Дёма, натянув на голову капюшон и поправив на плечах рюкзак, решительно вылезает на крышу, остальные за ним. Пацаны стоят перед дверью, на которой нет ни ручки, ни замка. Вставив лезвие топора между дверью и косяком, Дёма пробует расширить щель. Не вышло.

— Рубить будем, тут всего-то два слоя оргалита.

Дёма с размаху рубит по двери. Удар получился сильный и громкий.

— Тише ты! — Муха забирает топор. — Видей, давай на стрему, если что, свисти, и ломимся через стройку.

Видей бежит за башню, а Муха потихоньку орудует топором.
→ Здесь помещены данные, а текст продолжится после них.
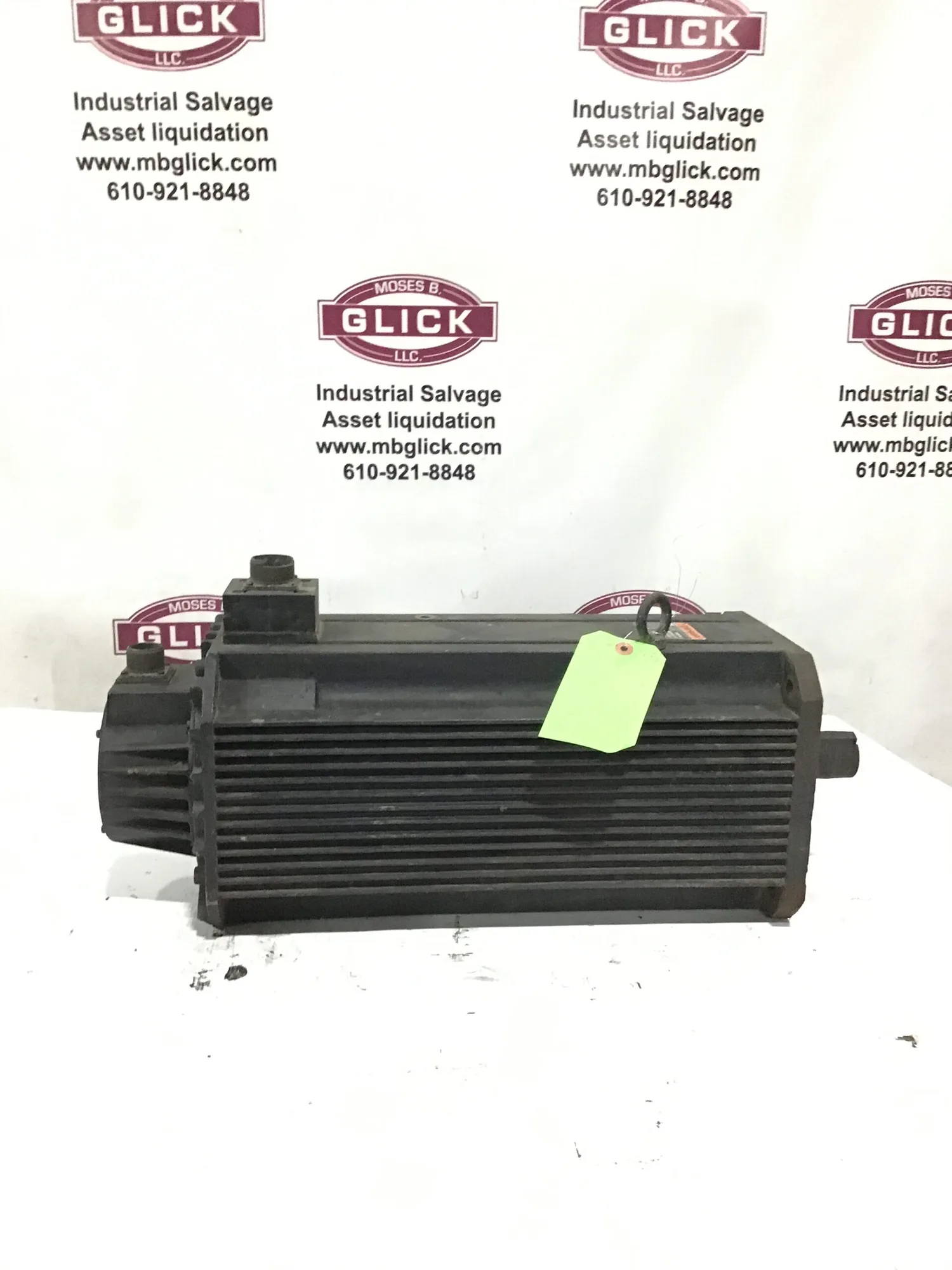 Toshiba 22L2-7500R DC Brushless Servo Motor 487 Rated Torque 1500 RPM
— Прорубимся маленько, тогда уж пилой.

Кастет с пилой, а Дёма с огромными паровозными ножницами стоят наготове. Видей бродит по крыше с другой стороны башенки, пиная мелкие камушки и иногда прибегая к пацанам посмотреть, готова дырка или нет.

— Нам только, чтобы рука пролезла, наверняка внутри засов, — приговаривает Муха, орудуя топором.

Циммер сидит на корточках.

— Холодно, дождь будет.

— Не ссы, успеем, первый слой готов.

Дёма рвет оргалит ножницами, расширяя дыру.

— Ребя! Смотри, Князья пластаются! — говорит Видей, смотря с крыши вниз.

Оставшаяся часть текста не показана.